### What you are asked to do
Retype the lines below exactly, but only those from the line that has "Yamaha XMax 250" through the line that has "Motel 6-Weslaco, TX photo 19". Omit every picture.

### Entries shown
>>>>
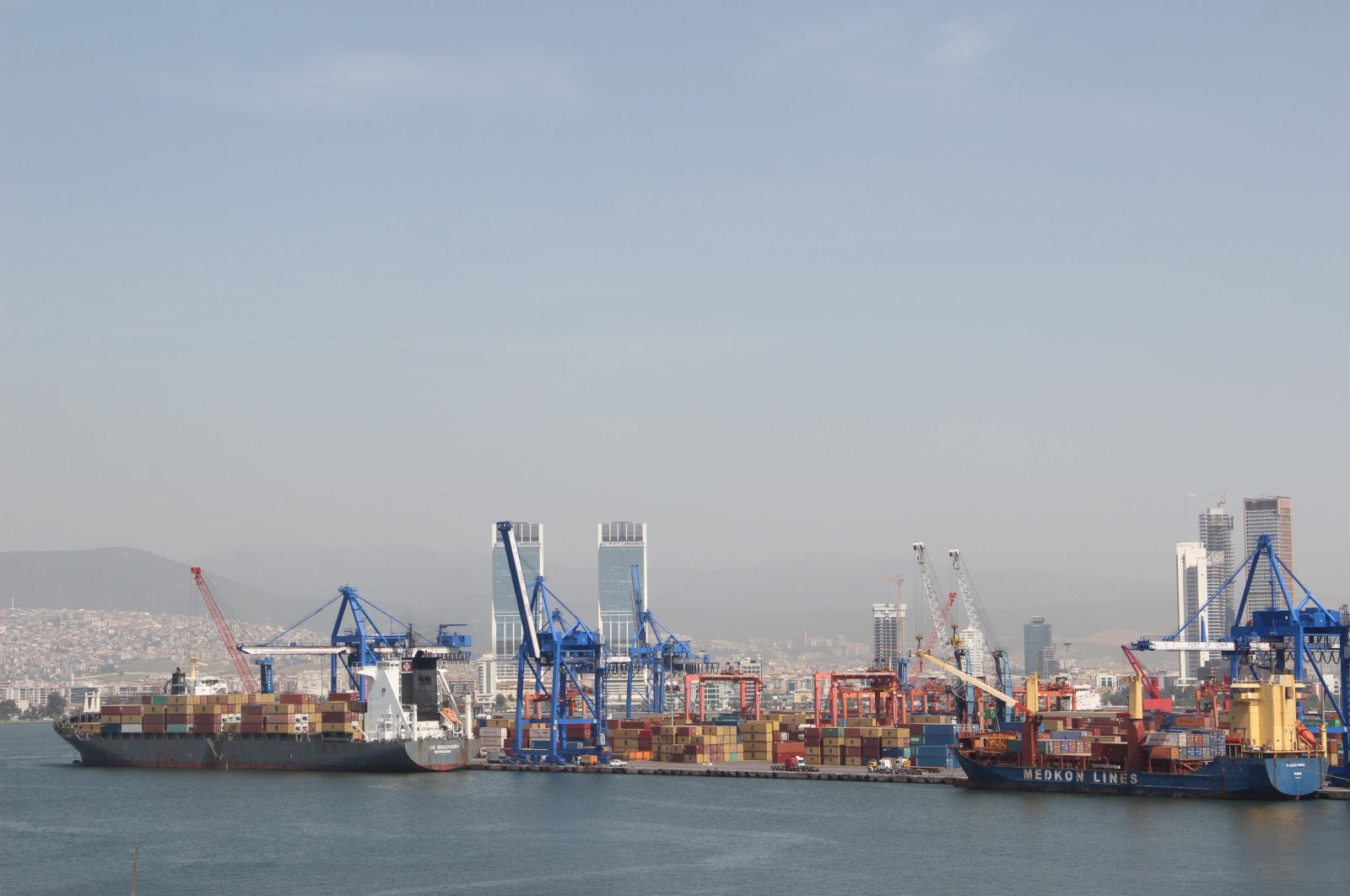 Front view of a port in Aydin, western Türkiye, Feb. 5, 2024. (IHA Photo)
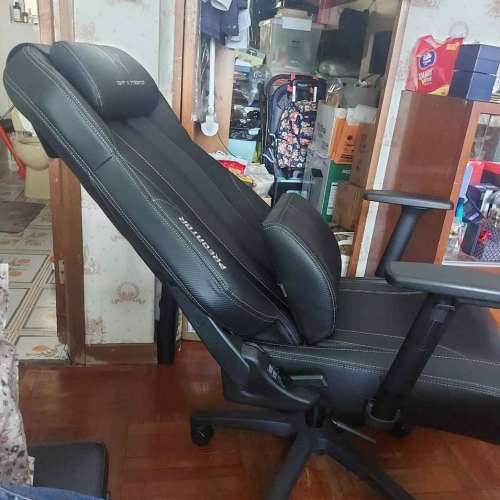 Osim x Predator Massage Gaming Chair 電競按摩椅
<<<<
>>>>
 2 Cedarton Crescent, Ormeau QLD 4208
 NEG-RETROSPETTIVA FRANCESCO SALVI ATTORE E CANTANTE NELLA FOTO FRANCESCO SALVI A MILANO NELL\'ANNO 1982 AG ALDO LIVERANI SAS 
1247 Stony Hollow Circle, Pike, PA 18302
<<<<
>>>>
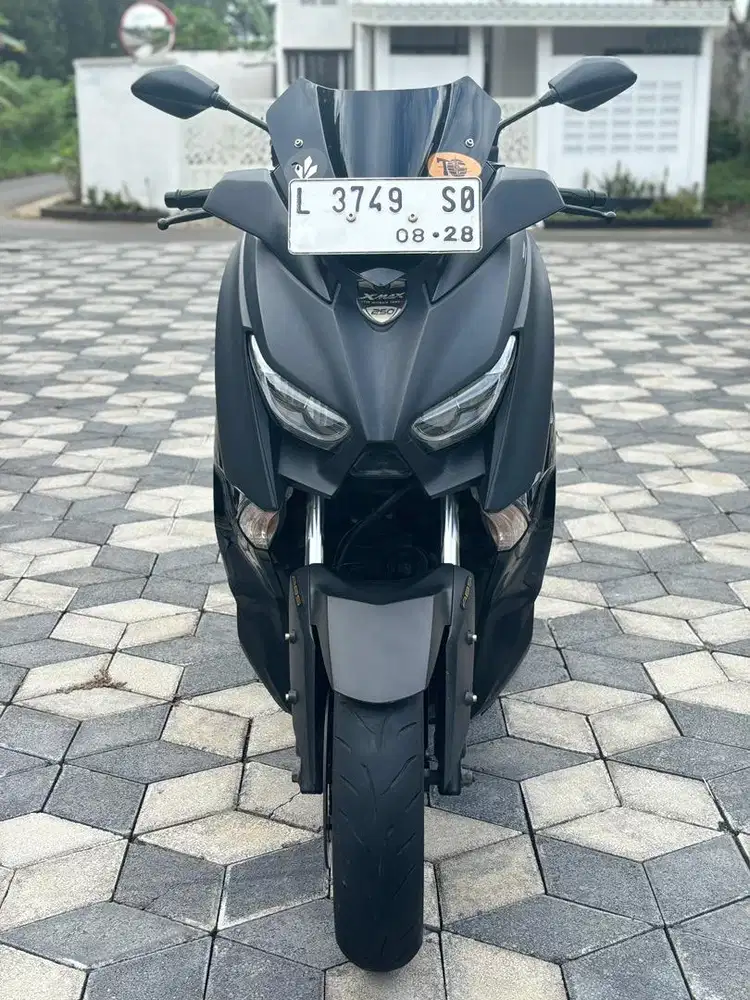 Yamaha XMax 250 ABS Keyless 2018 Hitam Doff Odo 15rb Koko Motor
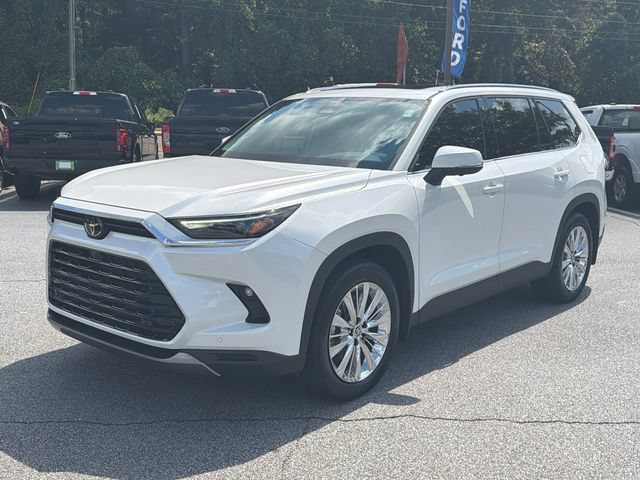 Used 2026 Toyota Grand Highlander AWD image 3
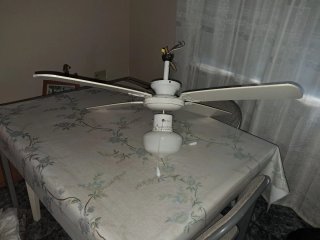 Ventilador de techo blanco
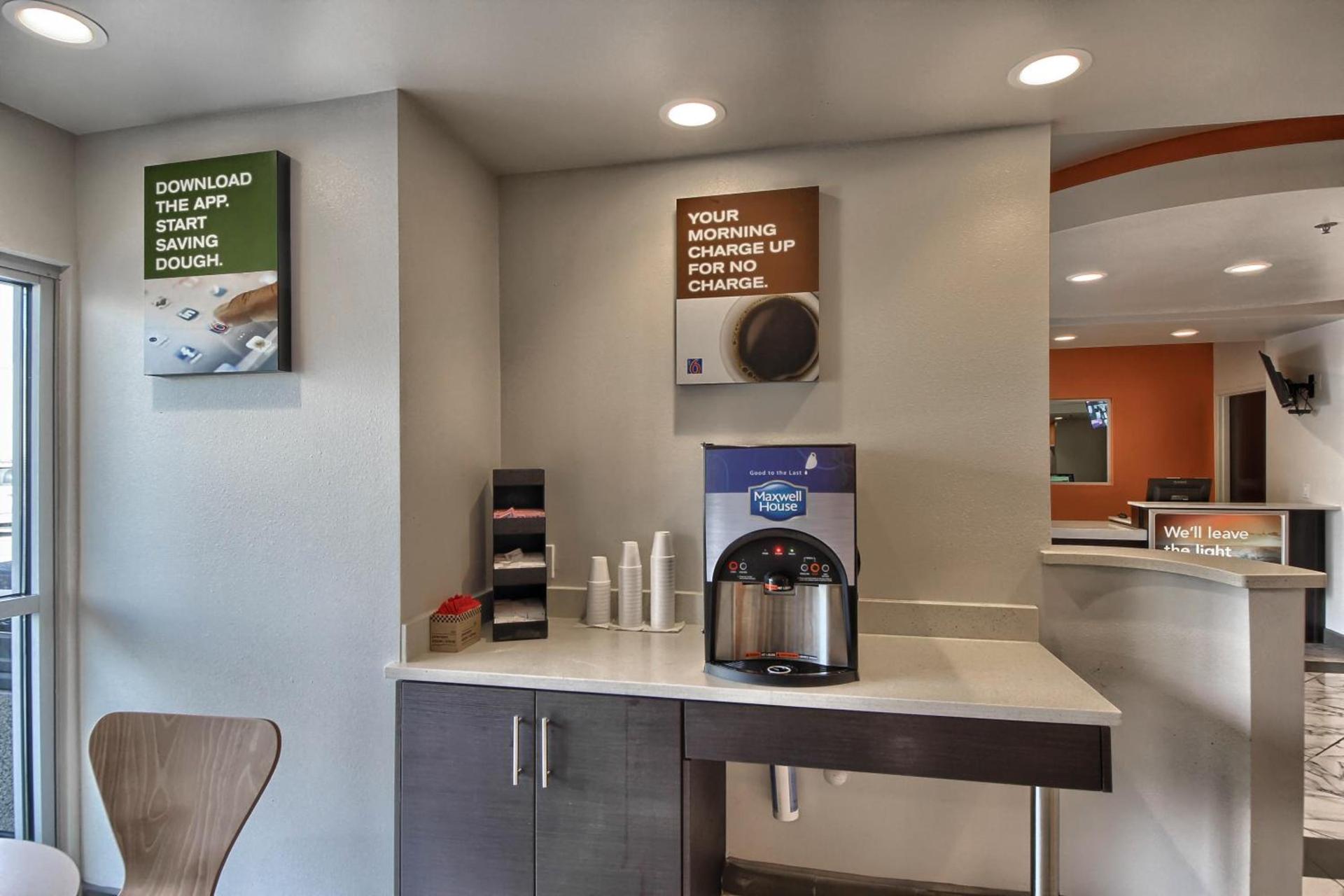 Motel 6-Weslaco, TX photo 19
<<<<
### Result for this task
 Yamaha XMax 250 ABS Keyless 2018 Hitam Doff Odo 15rb Koko Motor
 Used 2026 Toyota Grand Highlander AWD image 3
 Ventilador de techo blanco
 Motel 6-Weslaco, TX photo 19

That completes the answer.